→ **EXERCISE DETAILS**: Print every entry below exactly, leaving out the pictures.

--- RECORD EXTRACTS Enclosed Below ---

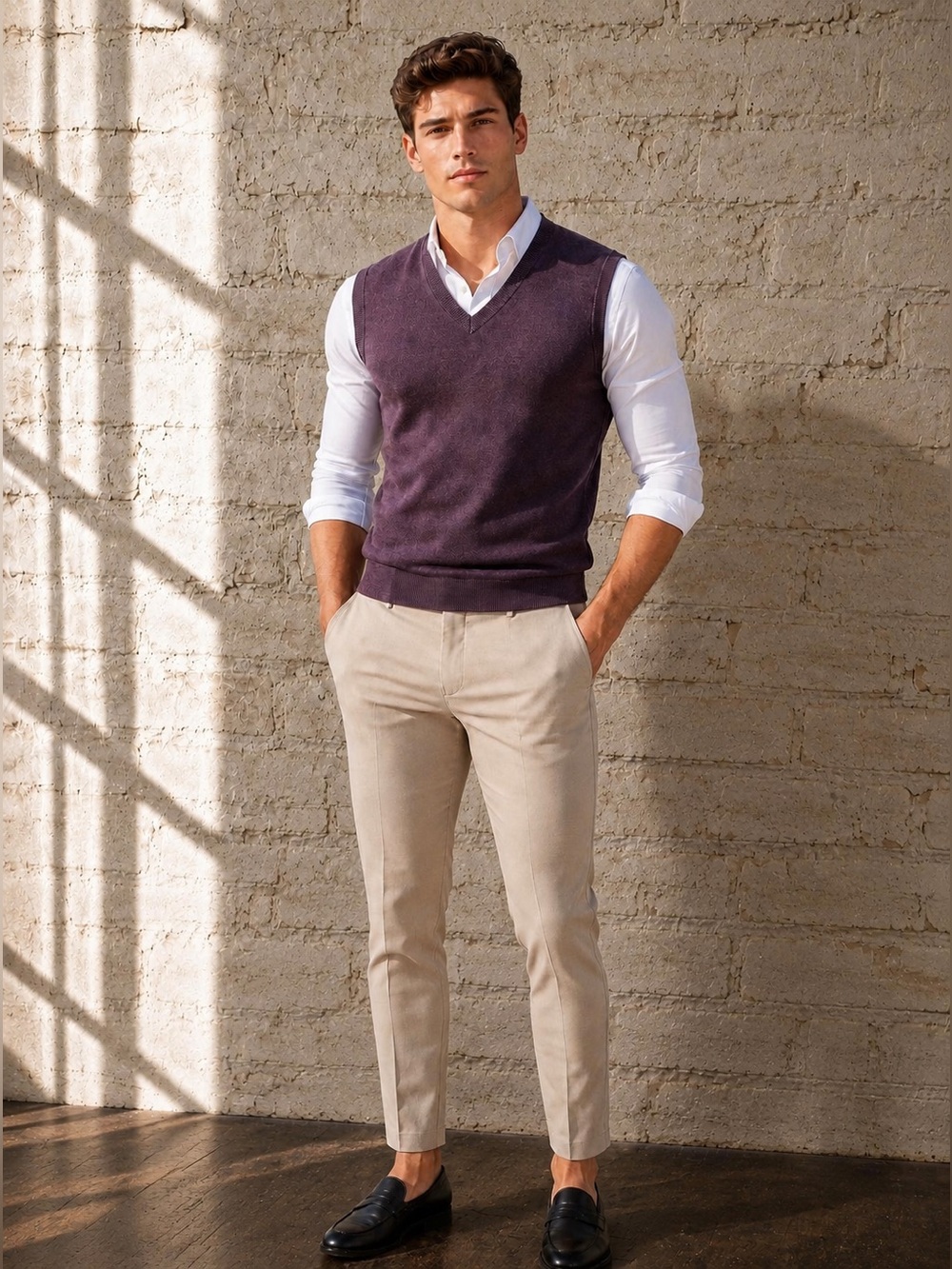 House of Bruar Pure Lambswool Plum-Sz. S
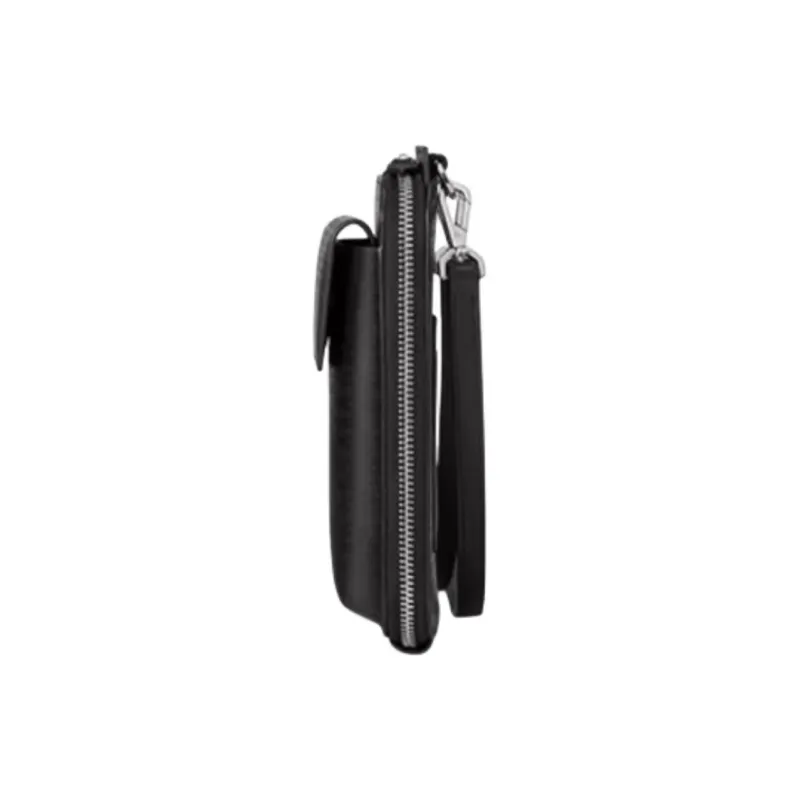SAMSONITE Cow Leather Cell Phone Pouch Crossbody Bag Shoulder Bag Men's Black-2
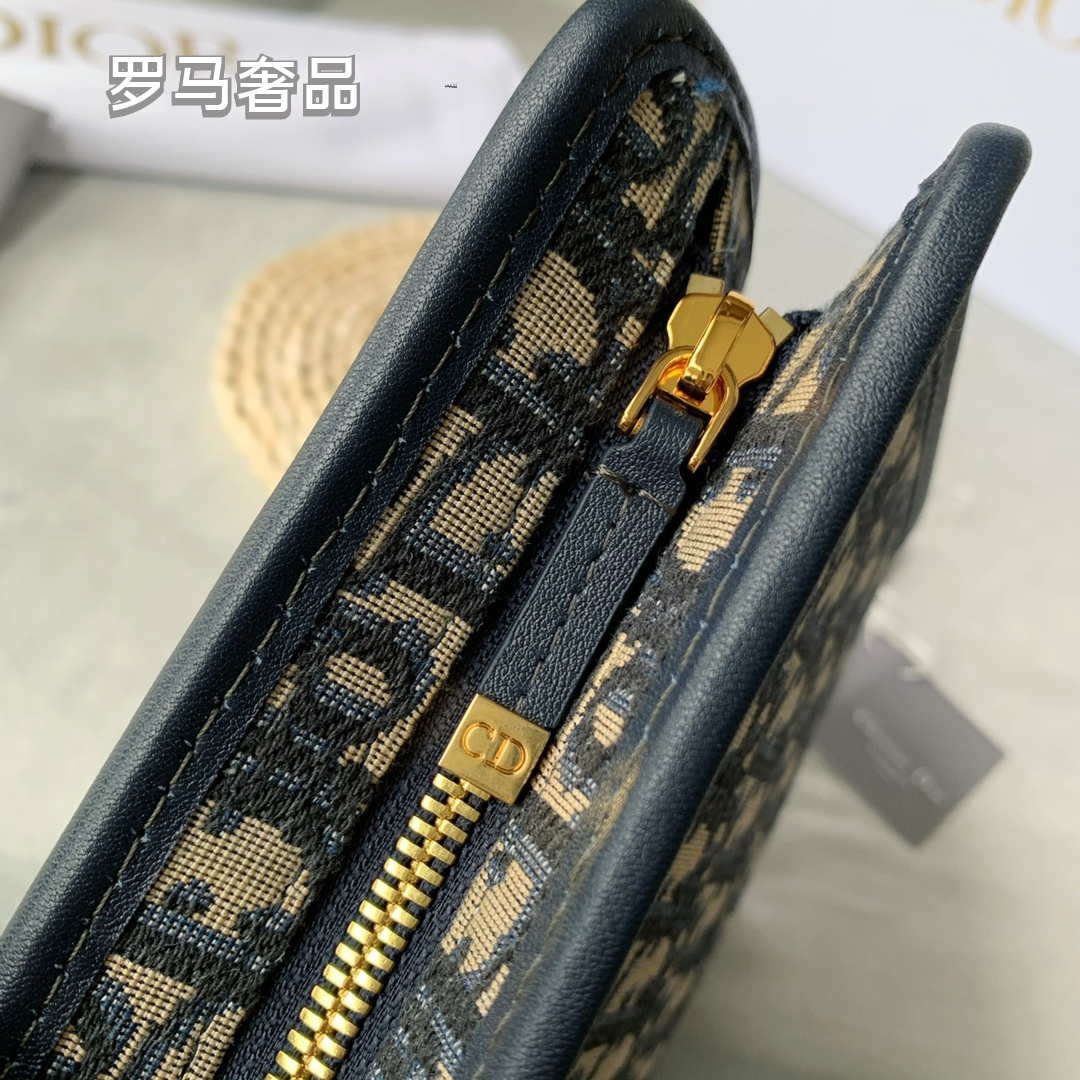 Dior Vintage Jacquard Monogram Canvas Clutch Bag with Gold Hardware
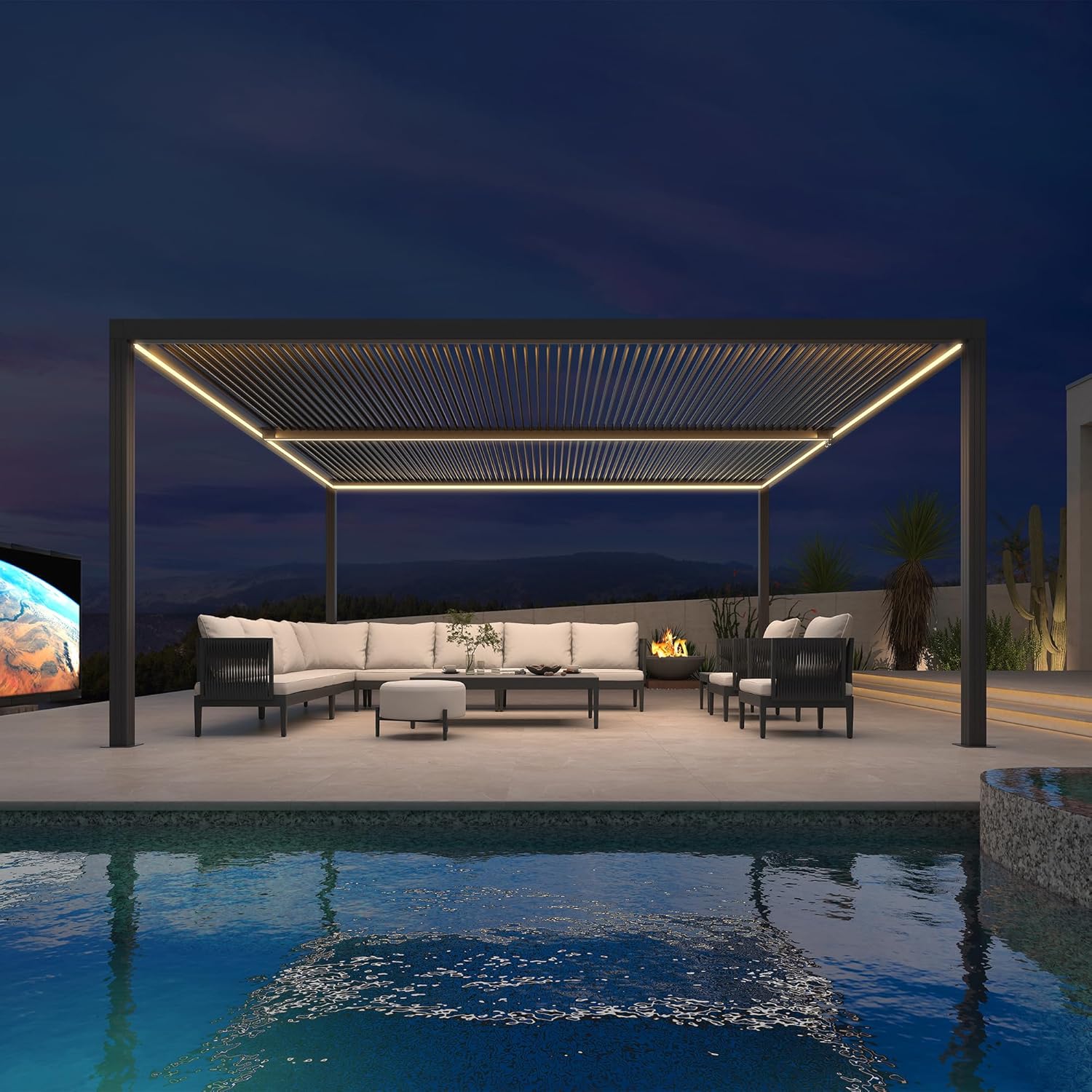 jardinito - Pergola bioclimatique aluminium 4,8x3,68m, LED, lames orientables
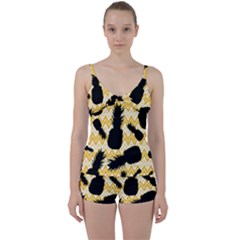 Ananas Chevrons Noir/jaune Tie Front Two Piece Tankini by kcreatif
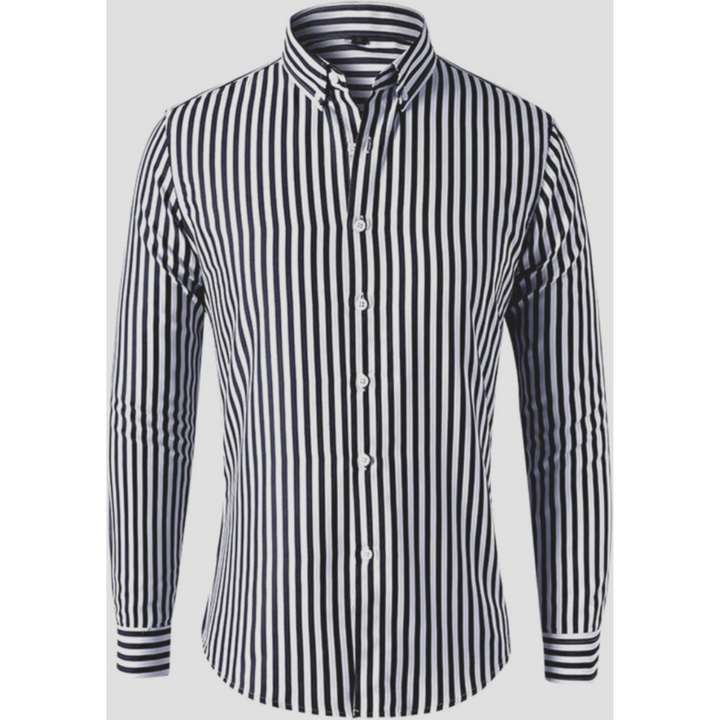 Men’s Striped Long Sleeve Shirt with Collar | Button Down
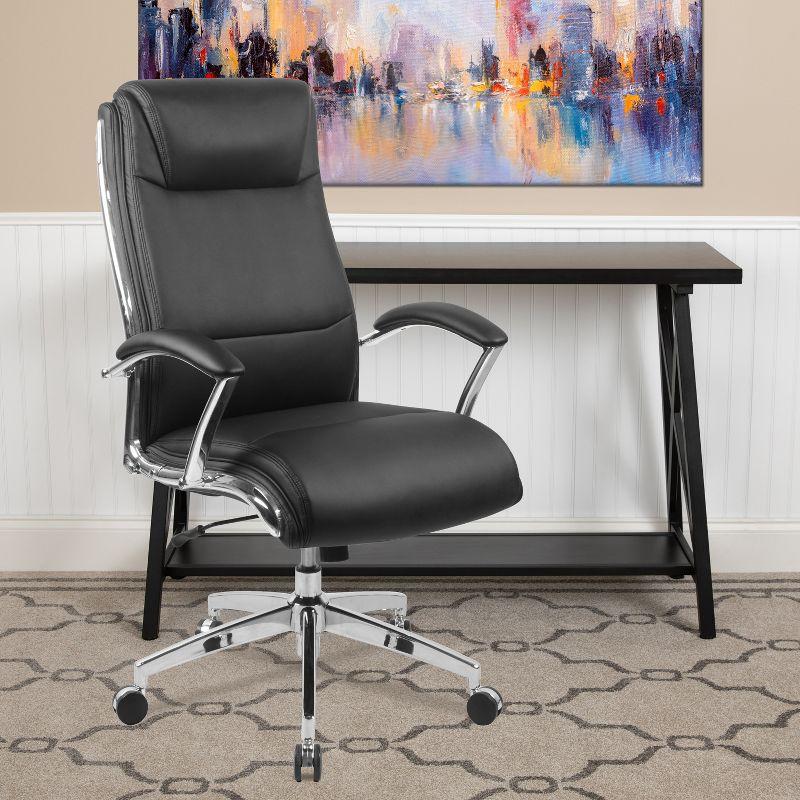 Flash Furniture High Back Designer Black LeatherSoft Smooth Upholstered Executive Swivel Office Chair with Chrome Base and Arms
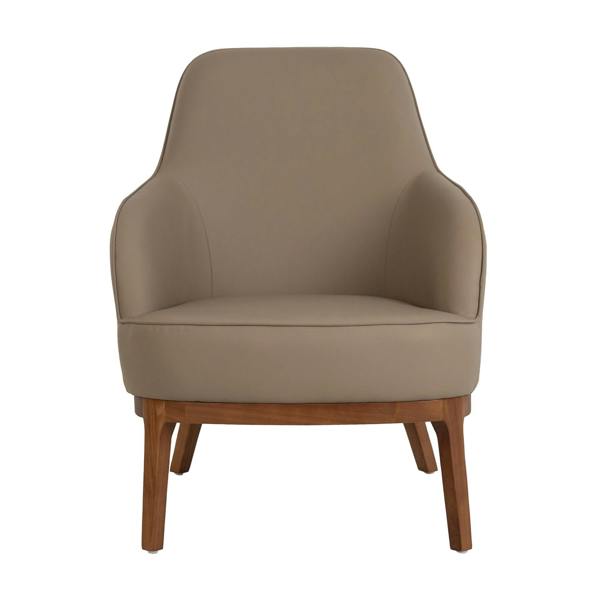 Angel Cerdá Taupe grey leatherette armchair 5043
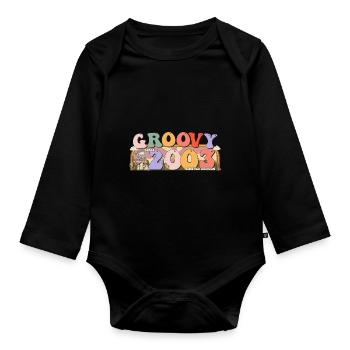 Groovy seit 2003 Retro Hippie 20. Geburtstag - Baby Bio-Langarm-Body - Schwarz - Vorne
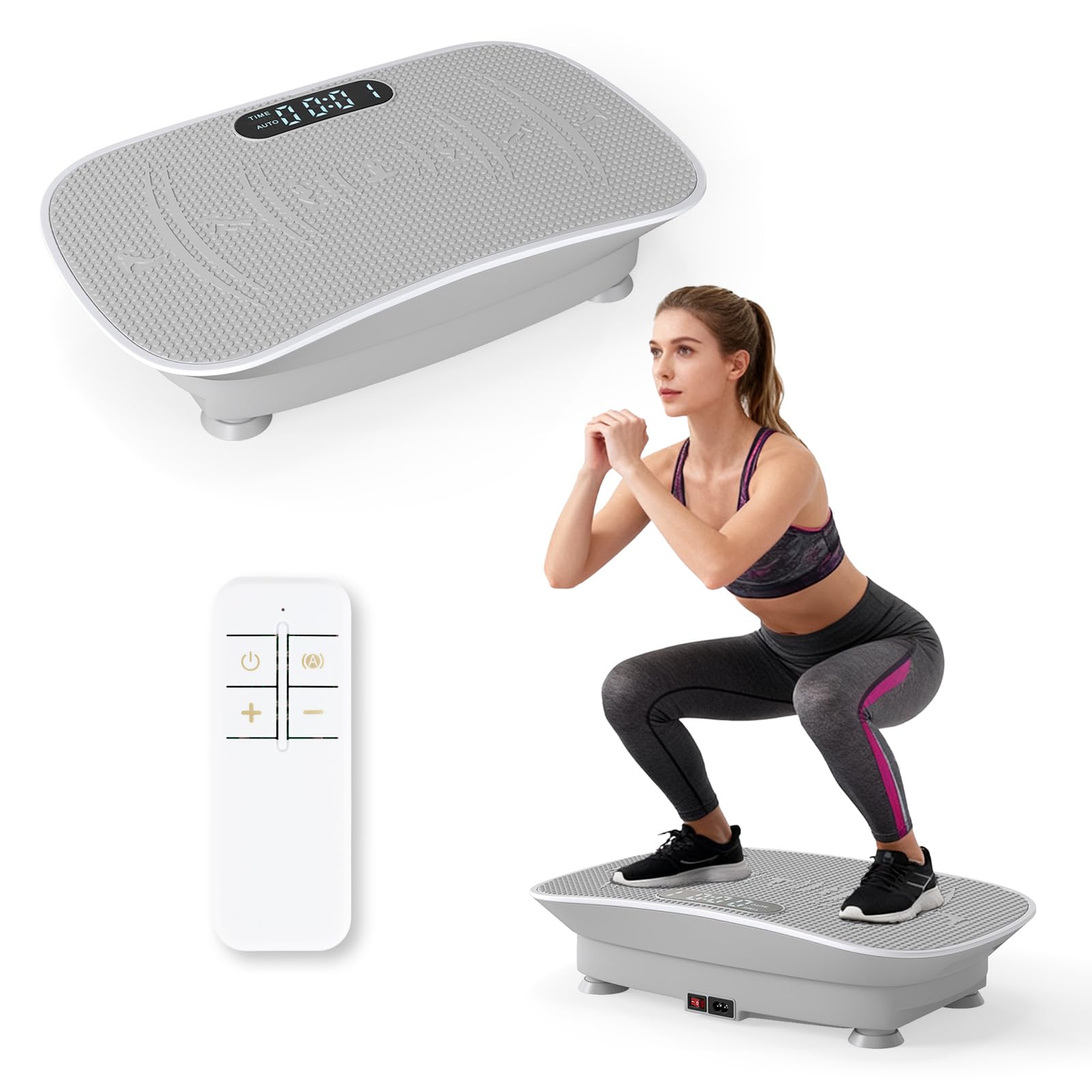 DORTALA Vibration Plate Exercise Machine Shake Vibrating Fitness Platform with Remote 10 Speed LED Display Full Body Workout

--- End of Enclosed RECORD EXTRACTS ---

→ **RESULT OF THE TASK**:
 House of Bruar Pure Lambswool Plum-Sz. S
SAMSONITE Cow Leather Cell Phone Pouch Crossbody Bag Shoulder Bag Men's Black-2
 Dior Vintage Jacquard Monogram Canvas Clutch Bag with Gold Hardware
 jardinito - Pergola bioclimatique aluminium 4,8x3,68m, LED, lames orientables
 Ananas Chevrons Noir/jaune Tie Front Two Piece Tankini by kcreatif
 Men’s Striped Long Sleeve Shirt with Collar | Button Down
 Flash Furniture High Back Designer Black LeatherSoft Smooth Upholstered Executive Swivel Office Chair with Chrome Base and Arms
 Angel Cerdá Taupe grey leatherette armchair 5043
 Groovy seit 2003 Retro Hippie 20. Geburtstag - Baby Bio-Langarm-Body - Schwarz - Vorne
 DORTALA Vibration Plate Exercise Machine Shake Vibrating Fitness Platform with Remote 10 Speed LED Display Full Body Workout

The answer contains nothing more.